> WORK REQUEST
Each line of the records that follow must come back exactly, with pictures skipped.

[SOURCE RECORDS Boundary: Start]

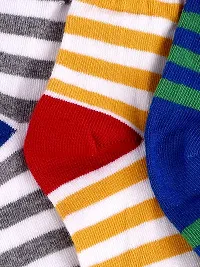 FOOTPRINTS Organic cotton Kids Socks -9-12 years - Pack of 3 Pairs - Colourful Stripes-thumb1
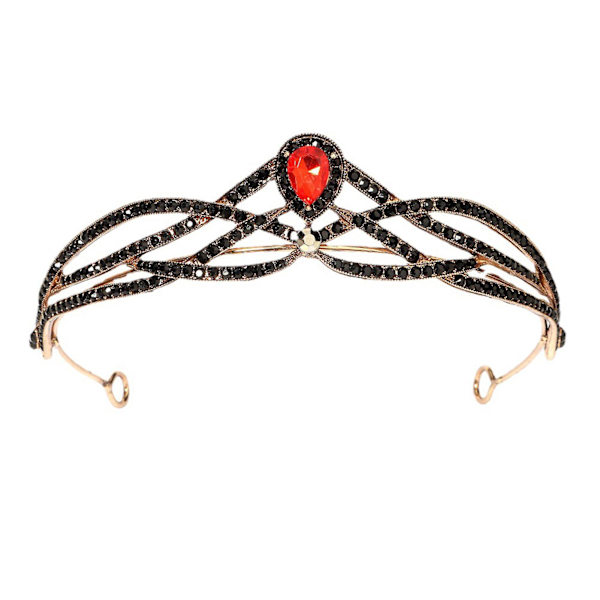 Brudkrona Huvudbonader Halvcirkel Lyxlegering Strass Inlagt pannband för kvinnligt bröllop Ancient Gold   Red Diamond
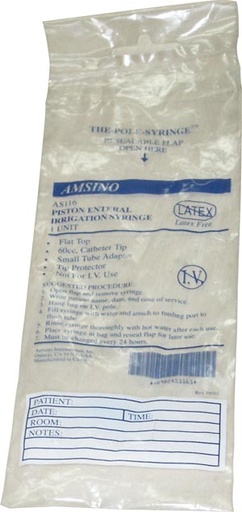 [AS116] Amsino Amsure® Pole Syringe/60cc/Cath Tip/Flat Top w/ Small Tip Adapter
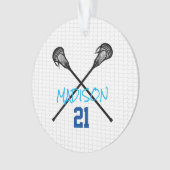 ラクロススティックNetプレイヤー名番号写真 オーナメント (正面)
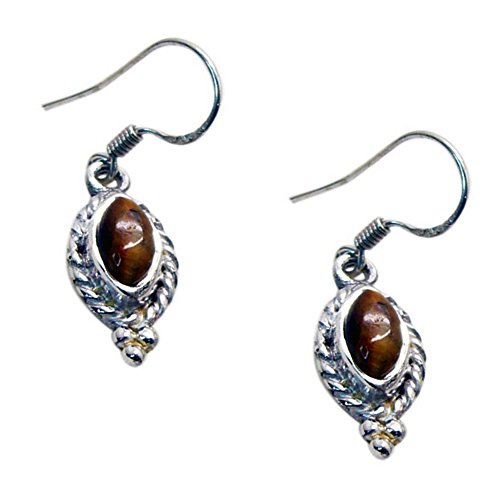 Boucles d'oreilles œil de tigre femme argent sterling 925 pierre naturelle précieuse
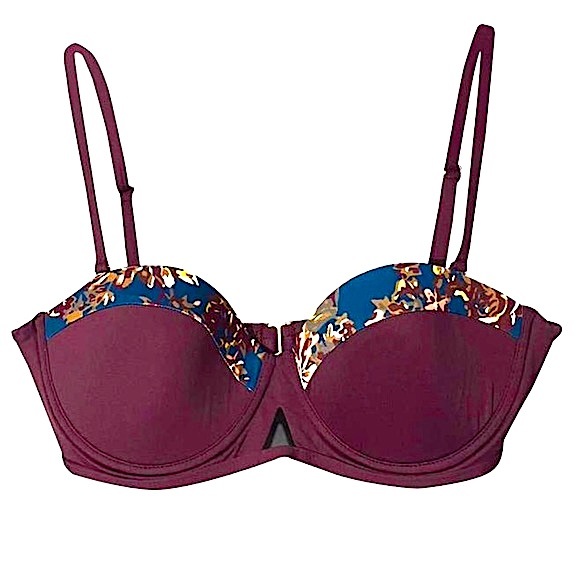 Tavik Maroon & Blue Floral Bikini Top Adjustable Straps New with Tags Size Small - Picture 3 of 16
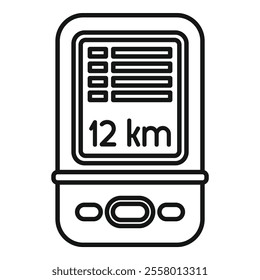 Navigator device showing 12 kilometers in the interface, modern equipment for travelling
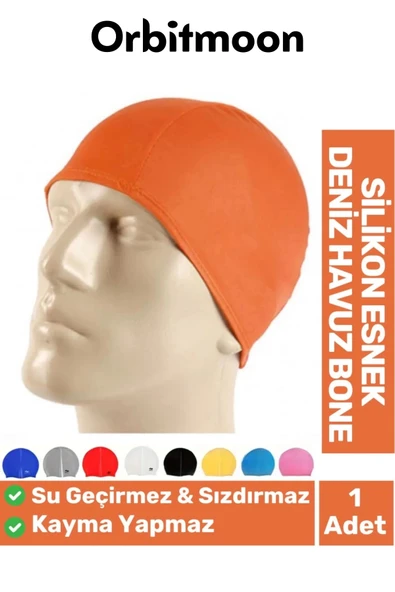 Premium Seri Su Geçirmez Sızdırmaz Kaymaz Silikon Yüzücü Elastik Yüzme Şapkası Havuz Deniz Bonesi ürün görseli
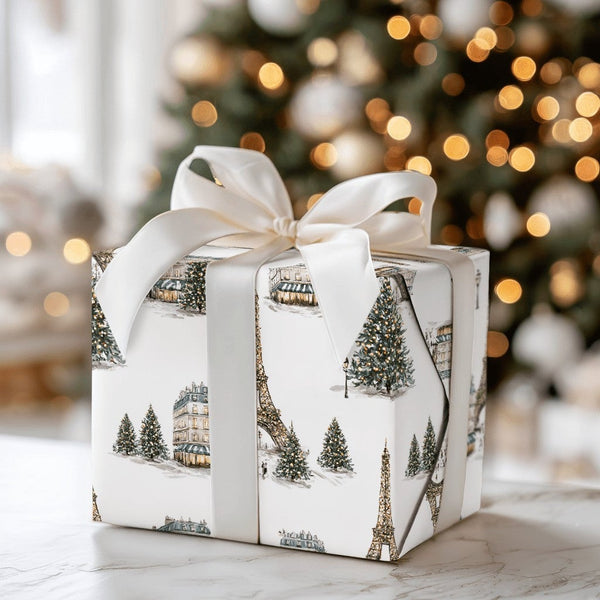 Snowy Eiffel Tower Gift Wrap, Paris Christmas Wrapping Paper, French Cityscape Holiday Wrapping Paper, Francophile Gift Wrapp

[SOURCE RECORDS Boundary: End]

> RESPONSE TO THE EXERCISE
 FOOTPRINTS Organic cotton Kids Socks -9-12 years - Pack of 3 Pairs - Colourful Stripes-thumb1
 Brudkrona Huvudbonader Halvcirkel Lyxlegering Strass Inlagt pannband för kvinnligt bröllop Ancient Gold   Red Diamond
 [AS116] Amsino Amsure® Pole Syringe/60cc/Cath Tip/Flat Top w/ Small Tip Adapter
 ラクロススティックNetプレイヤー名番号写真 オーナメント (正面)
 Boucles d'oreilles œil de tigre femme argent sterling 925 pierre naturelle précieuse
 Tavik Maroon & Blue Floral Bikini Top Adjustable Straps New with Tags Size Small - Picture 3 of 16
 Navigator device showing 12 kilometers in the interface, modern equipment for travelling
 Premium Seri Su Geçirmez Sızdırmaz Kaymaz Silikon Yüzücü Elastik Yüzme Şapkası Havuz Deniz Bonesi ürün görseli
 Snowy Eiffel Tower Gift Wrap, Paris Christmas Wrapping Paper, French Cityscape Holiday Wrapping Paper, Francophile Gift Wrapp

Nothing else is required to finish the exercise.